The pipeline is this:

file (or keyboard input) in char * in variable encoding

         |
Step 1  \|/
         v

LString in variable encoding

         |
Step 2  \|/
         v

LString in fixed width encoding

         |
Step 3  \|/
         v

LString in font encoding

         |
Step 4  \|/
         v

char * or wchar_t * for font renderer.

Let's detail the steps:

Step 1:  This step is done line by line (or key by key), so the memory
overhead of switching to 16-bit LString even if the file is 8-bit is
insignificant.

Step 2:  This step is done by the encoding classes, and converts the
potentially variable width encoding to a fixed width encoding that is
used as the document representation.  
Optimally, this conversion will use Unicode as the middlelayer: First
convert to Unicode, and then to the appropriate fixed width encoding. 
Notice that it's entirely possible to skip the Unicode middle layer, if
a more effective encoding converter is written.  This step is not
performance critical.

Step 3: This step is done at display time.  We need to convert from the
fixed width enconding used for the document representation to the
encoding the font renderer uses.
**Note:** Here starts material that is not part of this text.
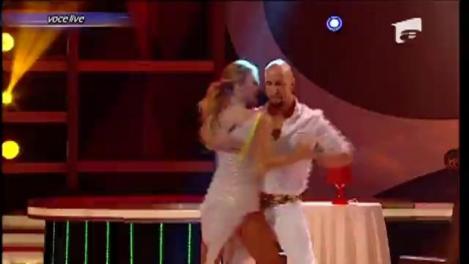 Maria Buză, o artistă desăvârșită! Actrița a interpretat perfect piesa Celiei Cruz!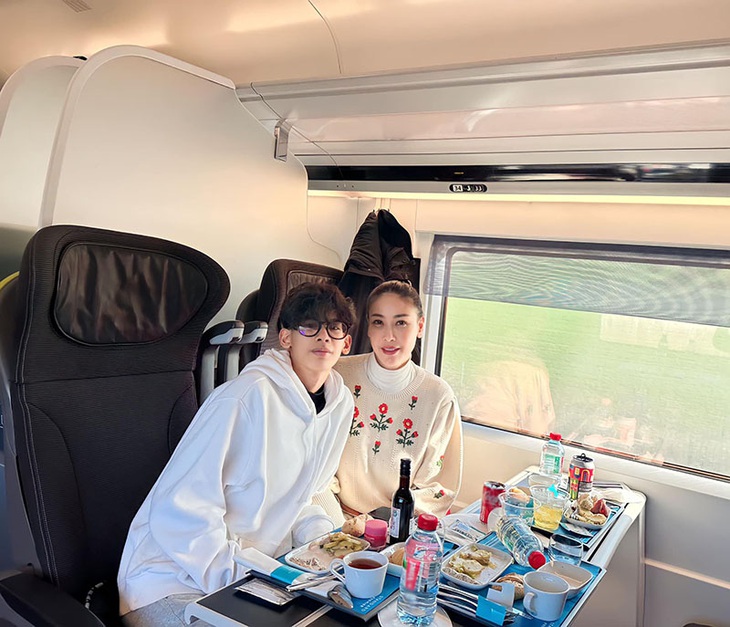 Ảnh vui sao Việt 5-3: Hồ Ngọc Hà đọ sắc cùng Ninh Dương Lan Ngọc - Ảnh 4.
Notice that we chose the document
representation exactly the way we want in order to optimize this
process.  
In particular, we do not need to go over the Unicode middle layer to
perform this conversion.  So in practice, this can be as effective as
possible within the constraint that our document representation is fixed
width.

Step 4: This step is to come from LString to the C string the font
renderer wants to use.  If we use an 8-bit font renderer, but a wide
character LString, we have a performance bottleneck here, because we
have to down-copy the text to an 8-bit char array.  This is the primary
reason why we choose to make LString compile time variable sized. 
However, if our X server can handle a wide string, this step is constant
time.

The key insight is that the encoding conversions do not *have* to use
the Unicode as the middle layer.  If it is considered to be too slow, we
can omit this step with a hand-tuned converter.

The toUnicode and fromUnicode methods are not the primary encoding
conversion routines.  They are used internally in order to organize
things, and increase code reuse.  (And for the Unicode inset, as
described in the design document.)

In conclusion:  If we assume that the font renderer can handle both
8-bit and wide strings efficiently, the display process is optimal,
given the constraint that we have to use a fixed width document
encoding.  If the document representation matches the font encoding, we
have constant time display.

Alejandro, this is the primary reason for using LString rather than
vector as chunk representation:  With a vector, we do not have constant
time display, because we have to copy to an array first:  linear time.